The pact also paves the way for maritime boundary disputes and cross-border projects to be resolved by the two countries directly involved, rather than by all Caspian states, as has been the case until now. Again, this could speed up resolution of border disputes and define the location of oil and gas acreage in a given country.
But, the mechanisms for achieving this are yet to be established and, in any case, this is unlikely to unleash a fresh wave of mega-projects, such as the BP-led Shah Deniz gas project and Total's Absheron development—both of which are in undisputed Azeri waters—or Kazakhstan's Kashagan field.
Russia and Kazakhstan already have a bilateral agreement on resource-sharing in place, while discovered reserves contested by the other three countries are relatively small.
"Offshore Caspian production is already almost 2m barrels of oil equivalent a day of oil and gas from some of the world's largest upstream developments. The scale of the projects in disputed waters is not comparable to the existing super-giant fields," Ashley Sherman, a Caspian upstream analyst at Wood Mackenzie, said in emailed remarks.
While US sanctions hit-Iran may be interested in expanding homegrown oil resources to compensate for lost imports, other Caspian states may struggle to garner investment for hydrocarbons projects that would need to compete with substantial supply already heading to Europe from Azerbaijan. In short, supply from smaller projects, potentially costing more per barrel to develop, may not have an obvious home beyond local markets.
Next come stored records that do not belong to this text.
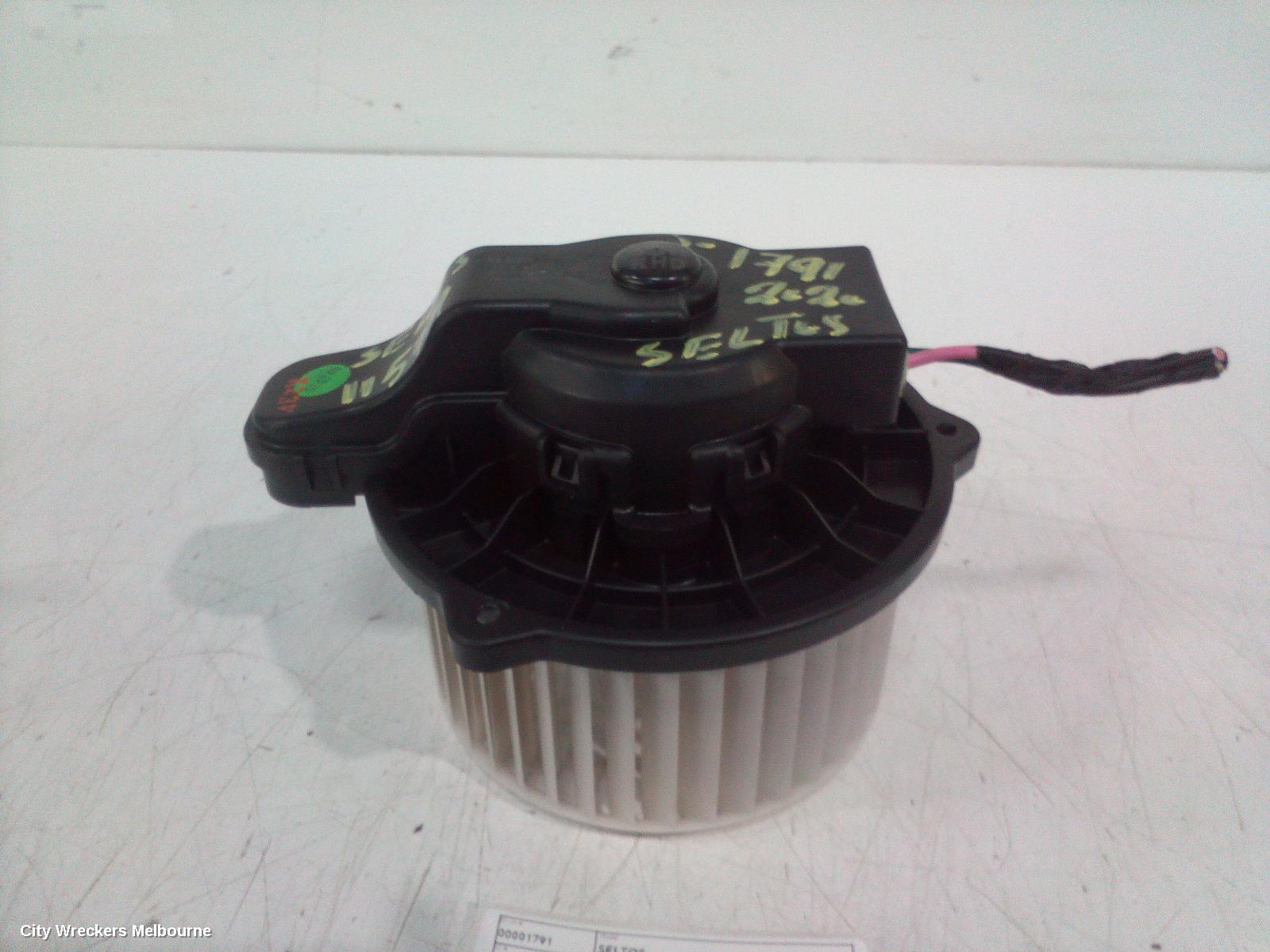 KIA SELTOS HEATER FAN MOTOR, SP2, PETROL, 1.6, TURBO, 07/2019 ONWARDS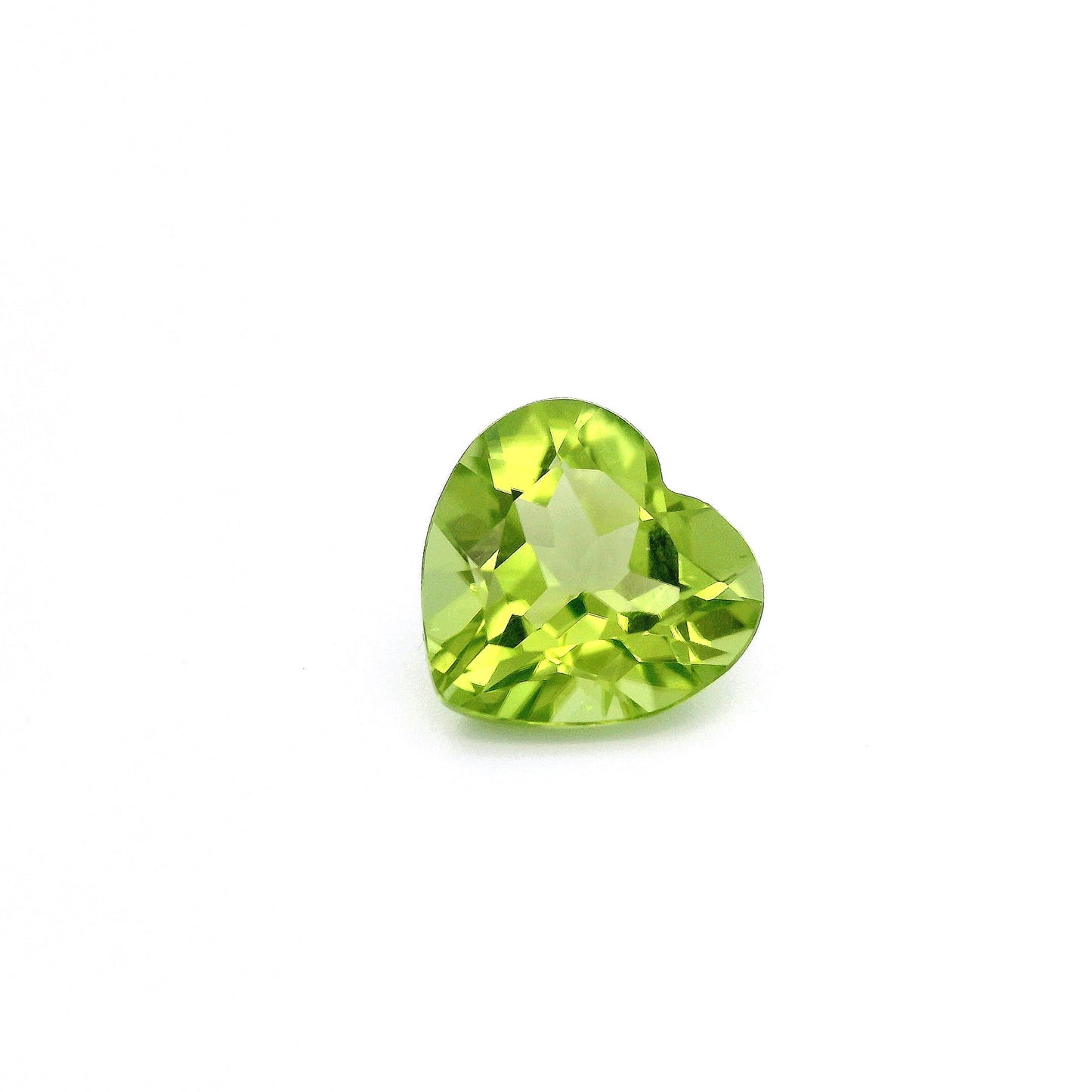Péridot Coeur 1,97 carat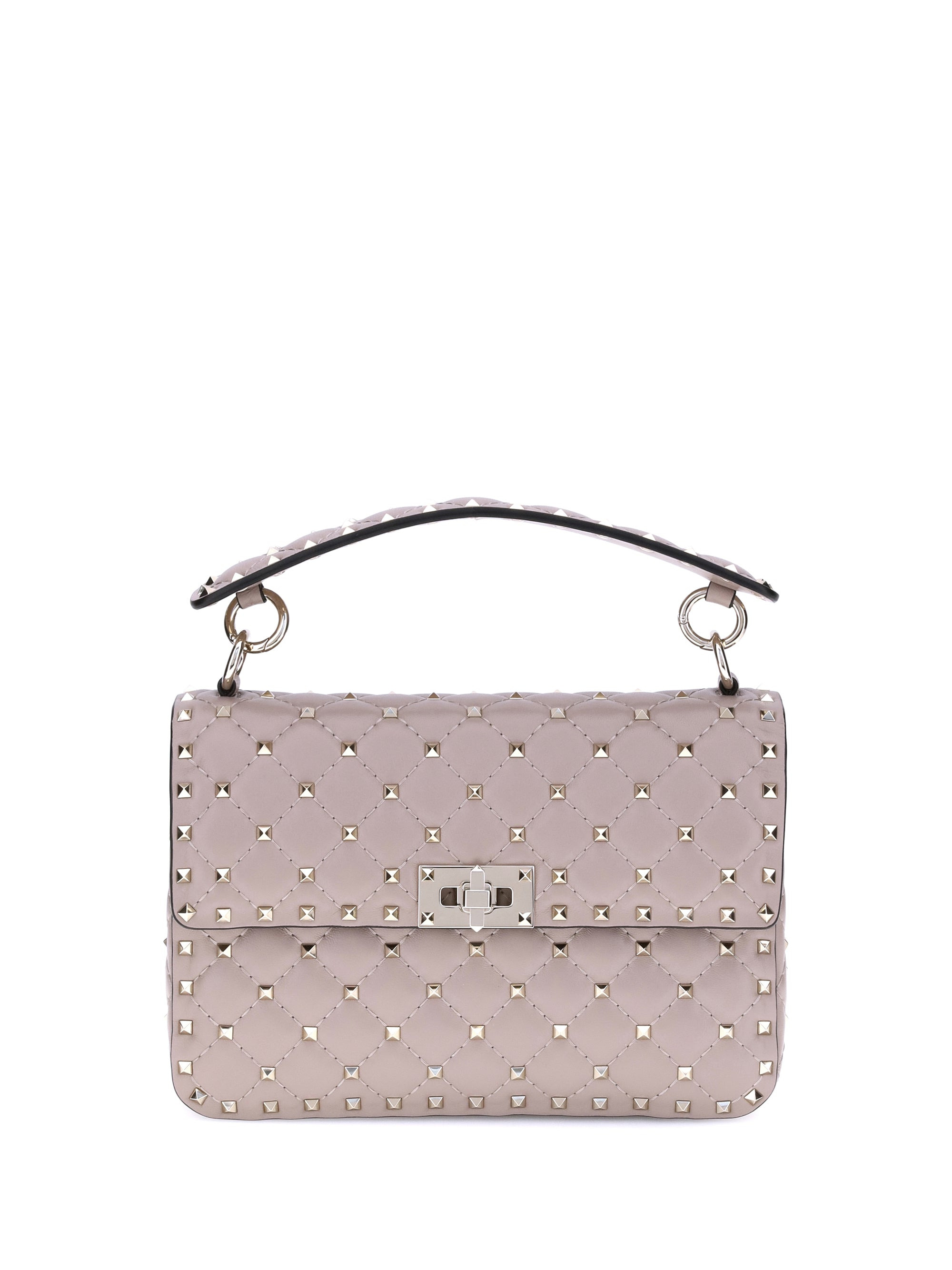 Valentino Garavani Women Medium Rockstud Spike Shoulder Bag - 1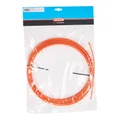 GAINE DE DERAILLEUR ELVEDES ORANGE 4,1 mm (ROULEAU DE 10M) AVEC LINER ANTI-FRICTION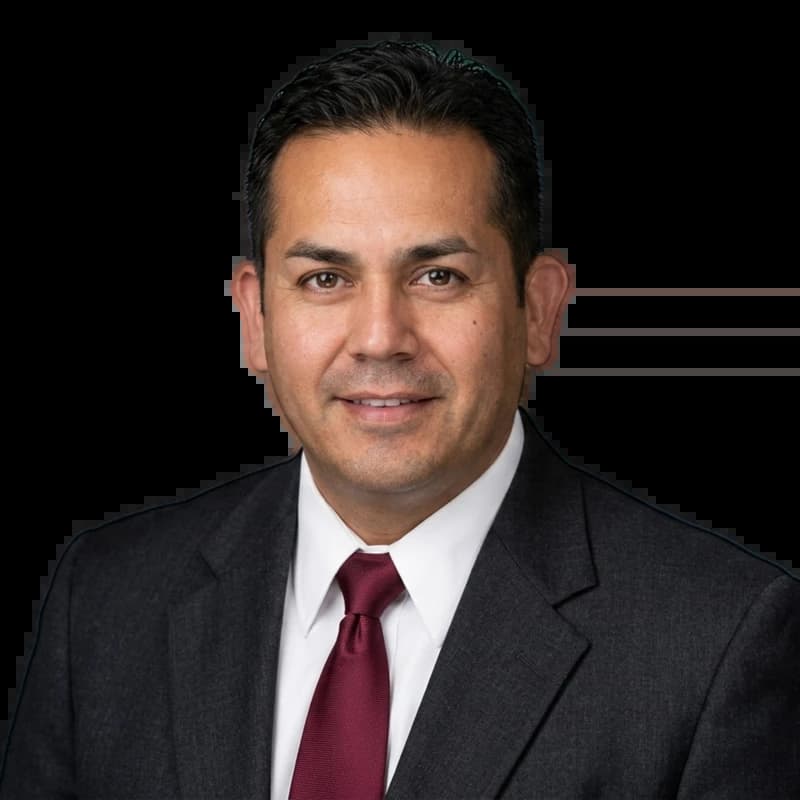 Portrait of Pete Placencia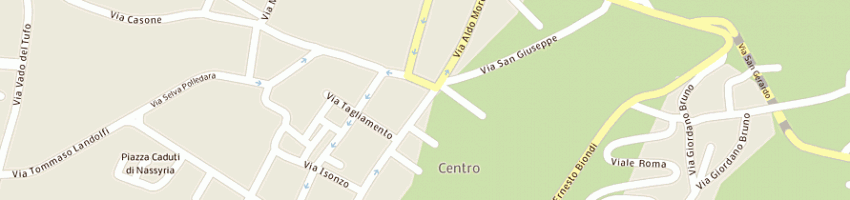 Mappa della impresa palma snc di palmigiani luzio e c a FROSINONE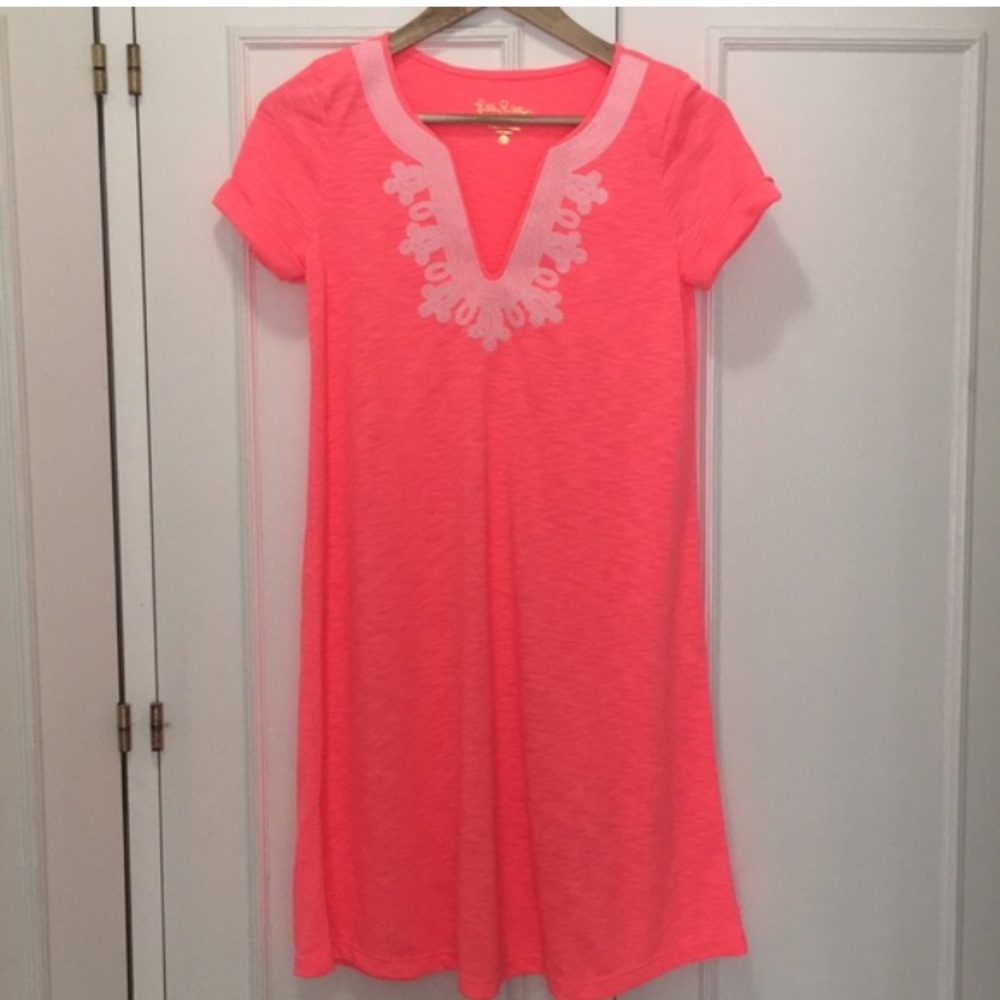 Lilly Pulitzer Maisy Swing T-Shirt Dress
However, some observers think the pact could make some difference if it signifies a greater willingness for cooperation among Caspian countries.
"The increasing intent for joint projects in the south Caspian is promising. Stranded fields and frozen exploration projects may ultimately come back on the agenda," Sherman said. He noted that the Serdar/Kapaz field, disputed by Azerbaijan and Turkmenistan, is the largest discovered resource at stake. The field could hold upwards of 1bn boe of recoverable resources, though it has yet to be fully tested.
Turkmenistan's hopes of supplying gas to Europe via a long-mooted Trans-Caspian Pipeline (TCP) feeding into the Southern Gas Corridor project could founder for similar reasons.
I don't think the agreement in the form that has emerged moves us on substantially," Simon Pirani, a research fellow at the Oxford Institute of Energy Studies (OIES) told Petroleum Economist. "Even if the political obstacles were all cleared up—which they haven't been—other obstacles remain."
Russia has been lukewarm on the TCP, not least because it could provide competition for its own gas exports to Europe. While the Caspian pact would seem to imply that a TCP running solely through Turkmen and Azeri waters would just require an agreement between those two countries, Russia has hinted it may try to object on environmental grounds.
Even if that fails, there are question marks over the TCP's viability. Pirani wrote an OIES paper, published in July, in which he calculated that the cost of building a pipeline and transporting Turkmen gas to European markets would not be economic at current gas prices. It is also unclear whether Turkmenistan would have sufficient extra gas to supply it, given most of its existing gas is tied up in export contracts with China—a state of affairs the Turkmen government is keen to change, but doing so seems challenging.
So, with cooperation between Azerbaijan and Turkmenistan is currently far from smooth as well, prospects for the TCP remain bleak for now.
More likely could be the construction of short pipelines connecting the westernmost Caspian oilfields in Turkmen waters to processing plants and pipelines serving the easternmost Azeri projects, such as BP's Azeri-Chirag-Deepwater Gunashli (ACG) field. At present, Pirani said much of the gas from those Turkmen oilfields is currently being flared, while Azerbaijan is short of gas domestically, despite its massive gas export projectsso this could be a relatively low-cost benefit to both countries.